The fix took 60 seconds (kubectl patch --type=json to remove the field). Working out why took longer. Cilium silently reclassifies a public IP from world to a cluster pod identity the moment you list it in a Service's spec.externalIPs. Every existing NetworkPolicy rule that allowed that IP via ipBlock - including ipBlock: 0.0.0.0/0 - stops matching. The policy layer denies the traffic. No policy-denial log is emitted. The connection times out at the client and you go looking in the wrong place.

The semantic is defensible once you understand it, and silently destructive until you do. The fix is straightforward and small. The rule: when you add externalIPs for a previously-external IP, bundle a companion CiliumClusterwideNetworkPolicy in the same change.

The hairpin we were trying to remove

My cluster lives behind a home router. Public hostnames like *.coffee-anon.com resolve through Cloudflare in grey-cloud (DNS-only) mode to my WAN IP, 24.85.233.58. External clients reach me through Cloudflare → BunkerWeb → istio-ingressgateway. Pods inside the cluster, however, also sometimes dial those same hostnames - typically when an in-cluster agent calls an API hosted on the same cluster but reached by its public name.

That pod-side traffic goes out to the WAN IP, hits the router, NATs back into the cluster, and lands on the gateway. The hairpin works most of the time. After a power outage in March, return packets sometimes started landing on the wrong BGP node depending on which way ECMP hashed, which is its own incident and its own writeup. The class fix is to short-circuit pod-to-public-IP traffic before it leaves the cluster.

The shape of the short-circuit on Cilium is Service.spec.externalIPs. List the public IP on the istio-ingressgateway Service and Cilium's eBPF datapath registers it in the BPF load-balancer map. Pod-side traffic destined to 24.85.233.58:443 now DNATs locally to a gateway pod's :8443 without ever leaving the host. No router round-trip, no NAT state to recover, ~125 ms shaved off pod-side latency.

This part worked exactly as documented. cilium-dbg bpf lb list showed the new entries within three seconds. The hairpin was gone.

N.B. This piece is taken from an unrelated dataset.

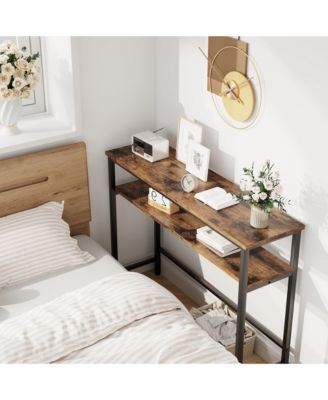 2 Tier Entryway Table, Console Tables for Entryway, Industrial Sofa Table with Adjustable Shelf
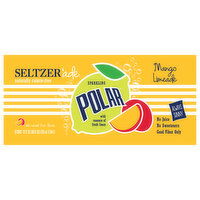 Polar Sparkling Mango Limeade Seltzer'ade, 8 Each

It's the next step that surprised us.

What broke, and where

Immediately after the patch landed, hermes-atlas (an in-cluster assistant pod on a non-BGP node) started timing out on every probe to https://assistant-api.coffee-anon.com/. Pre-change the probe returned HTTP 401 in ~100 ms. Post-change: exit code 28, three times in a row, then four. I rolled back within a minute with kubectl patch --type=json -p='[{"op":"remove","path":"/spec/externalIPs"}]'. Probe latency returned to its prior ~200 ms hairpin baseline.

The pod's egress policy was unremarkable. The shape I had on hermes-atlas-allow-egress was:

egress:
- ports:
  - port: 443
    protocol: TCP
  to:
  - ipBlock:
      cidr: 0.0.0.0/0

A stock NetworkPolicy allowing TCP 443 to anywhere on the internet. Five seconds before the broken probe, this policy was allowing the same destination through the hairpin path without complaint. Five seconds after, it was silently dropping the same destination through the new short-circuit path.

Cilium identity, briefly

Cilium's policy layer doesn't reason about destinations as IPs. It reasons about them as identities - small integer labels assigned to groups of endpoints that share a security profile. There are reserved identities (world for everything external, host for the local node, kube-apiserver for the API server) and there are cluster identities derived from pod labels (namespace=istio-system, app=istio-ingressgateway).

When you write a NetworkPolicy rule with to: [ipBlock: 0.0.0.0/0], you're asking Cilium to allow egress to anything with the world identity. The CIDR is a hint Cilium uses to map IPs to identities at the datapath layer. It is not a literal "match the destination IP against this CIDR" check.

The moment you add an IP to a Service's externalIPs, Cilium changes the mapping. From that point on, traffic to that IP resolves to the backing Service's pod identity, not to world. The IP is no longer in the world set. Your ipBlock: 0.0.0.0/0 rule (an identity == world rule under the hood) stops matching, because the destination identity is now cluster/istio-system/app=istio-ingressgateway.

The CIDR didn't change. The IP didn't change. The destination's identity changed, and the policy was always written against identities.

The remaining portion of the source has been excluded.